◆ What you need to do ◆
Transcribe the data underneath exactly. No images belong in your version.

◆ Supplied material ◆
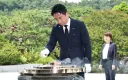 현충원 들린 고이즈미.jpe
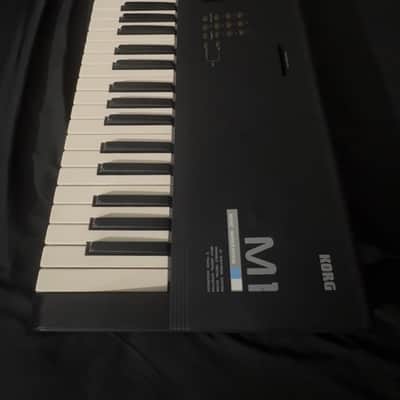 Korg M1 61-Key Synth Music Workstation 1990s - Black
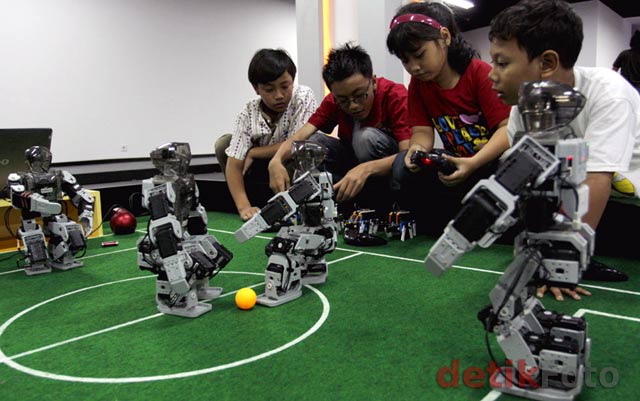 Robot Pemain Bola Karya Anak Bangsa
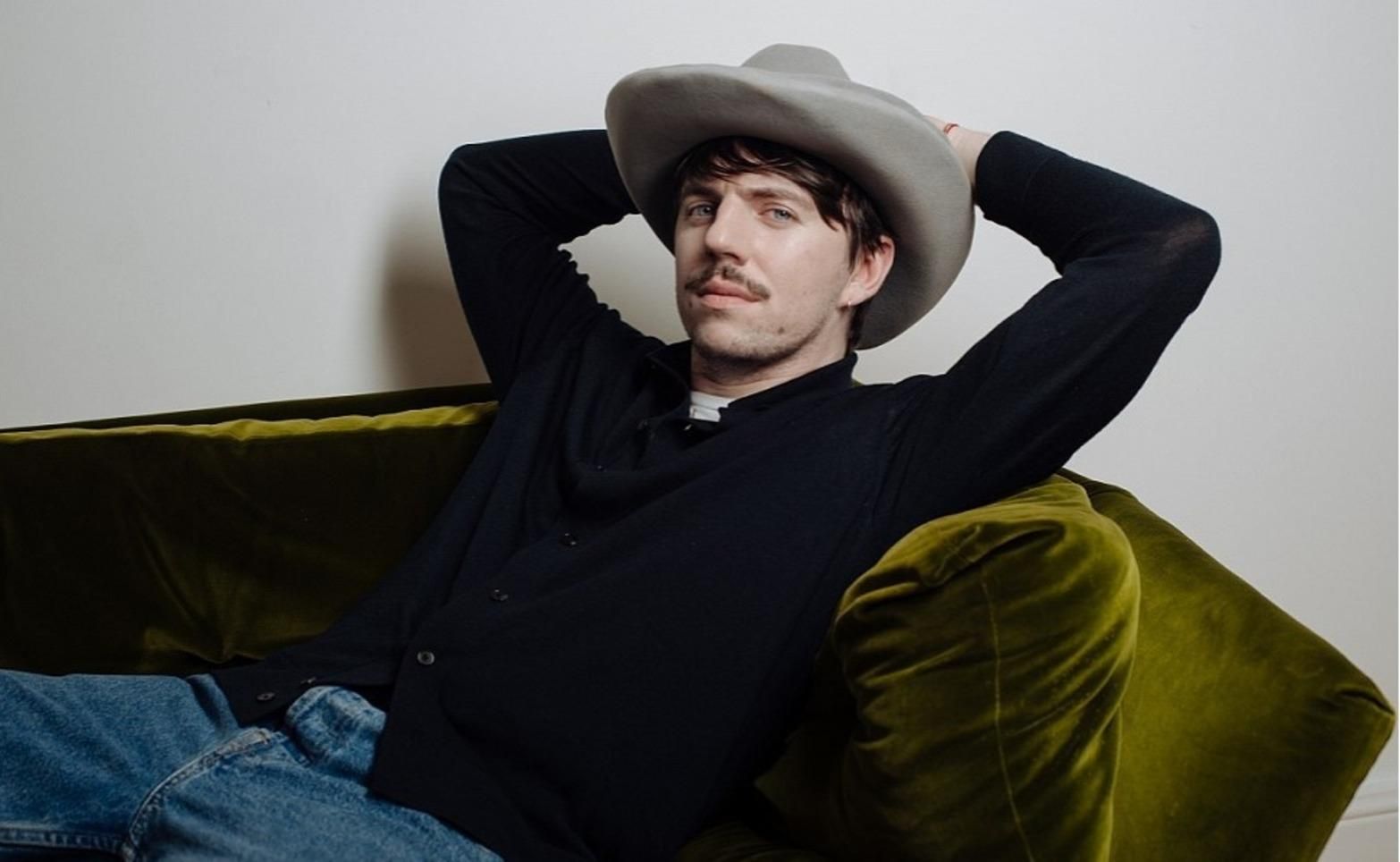 Український дизайнер створює капелюхи для світових зірок: захопливе відео Український дизайнер створює капелюхи для світових зірок: захопливе відео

◆ Response box ◆
 현충원 들린 고이즈미.jpe
 Korg M1 61-Key Synth Music Workstation 1990s - Black
 Robot Pemain Bola Karya Anak Bangsa
 Український дизайнер створює капелюхи для світових зірок: захопливе відео Український дизайнер створює капелюхи для світових зірок: захопливе відео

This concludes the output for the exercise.